What would you say are the main issues young people are facing today?

Anxiety is a huge one in young people, because I see it as like depression is thinking about the past, anxiety is worrying about the future and when you’re young the future can be so unclear. Sometimes it’s a blank canvas and that can just scare the hell out of people. So anxiety and fear of the unknown is a huge one. But it’s just about being in control, you can feel out of control if you have a blank canvas but you’re also in control. Like I believe if you can think it you can create it and have the life that you want. You just need to get out there and put it into action.  

Basically, therapy can be just a listening ear but also a chance for you to explore. It’s an hour just for yourself to answer your own questions, because I believe that you are the expert on you but sometimes just a little bit of help and guidance can make you understand yourself a little bit more.
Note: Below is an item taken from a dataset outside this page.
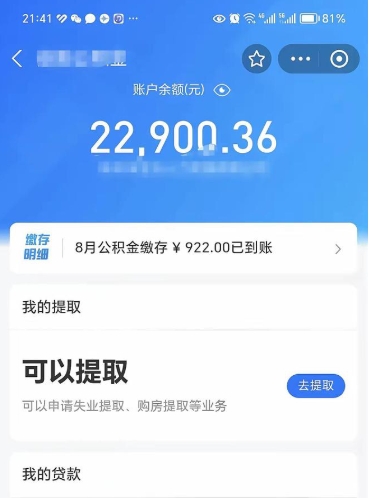 冠县辞职后可以领取住房公积金吗（辞职后能领住房公积金吗）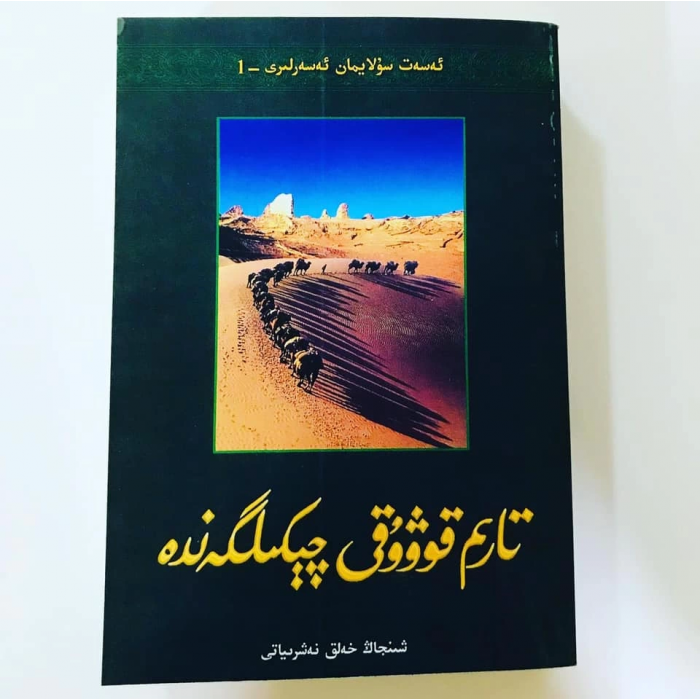 تارىم قوۋۇقى چېكىلگەندە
What would you say are your personal approaches? What kind of psychotherapist are you?

I feel like I specialise in eating disorders just because I came across that through client work being at the gym, it’s quite common. I’ve worked a lot with schizophrenia and that is very challenging because you know they can’t understand their minds, so to help them understand their minds can be very challenging – but I like a challenge.  

If a young person was nervous about starting therapy, what would you say to them?

I’d just say it is a very brave thing to do, to talk about your mental health with a stranger. They’re a friendly stranger but ultimately doing so, you’re putting yourself first and your self-care first and that is not only going to help you in the current moment but it’s going to hep you in your future.

You’ll always, in moments of your life, think about your therapy session and apply it to everything and knowing that you’re not alone is going to take a whole weight of your mind.